Firstly, creating great market mix modelling is not a profitable side hustle. Good modelling is hard. Really, really hard. While you may be able to hire the right people to set up a heritage style consultancy that builds bespoke models from the ground up for each customer, it’s not going to be cheap. So, you’re already charging clients an arm and a leg.

In addition, companies like Mutinex have already realised that Saas-based foundational models that can support fast data refresh and learn on the go will outperform static PowerPoint presentations where it really matters: helping customers to get to insights quickly and make decisions. That kind of modelling isn’t just powered by data scientists, but developers and product teams. So, are you a technology company now? You have to ask yourself if you have the chops to pull that off.

Conflicted data
But let’s say you do want to “build” or “buy” so to speak, should you? Media agencies are customer partners in investment. Agencies make recommendations and then implement investment strategies and the performance of the agency is judged partially on the success of those recommendations. It’s one thing to provide customers with the results of their campaigns, but should agencies be responsible for assessing the effectiveness of this work?

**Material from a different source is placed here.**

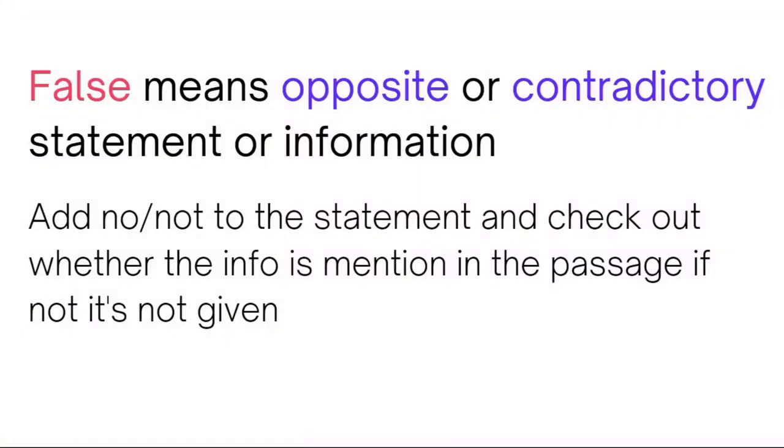The most vital tip is understanding False. Everyone knows that False means a contrasting statement, but there is still a lot of confusion. A contrasting statement means the opposite. For example: if the passage says 'I attended yesterday's wedding,' the contrasting statement would be 'I haven't attended the wedding.' So if you add NOT or NO — a negative — to the statement in the question, you will be able to identify whether you should write False or Not Given. A single word NOT in the statement will help you determine the correct answer.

Agencies’ own modelling has a valuable role to play, but we also think there is significant value in agencies working with an independent third party to provide market mix modelling. In some cases, modelling is presented as “neutral” in and of itself. Who can argue with data right? But the reality is that all models depend on a set of assumptions. Assumptions can be misleading. And before you know it, your model is biased towards the best interests of the agency and not the customer. It’s just good ethical hygiene to avoid even the perception that the results of a market mix model could be biased in this way.

Marking, not mark-ups
That’s why Atomic 212° and Mutinex have partnered to provide independent market mix modelling services to the former’s customers. There’s a whole other article on why we have chosen each other as partners. The point is that as valued partners, it is the duty of agencies to help customers to the next phase of marketing measurement, but that should not come at the expense of either agency profitability or unbiased reporting. Marketing measurement is changing. Let’s take this as an opportunity to draw the line in the sand and say no more to agencies always marking their own homework.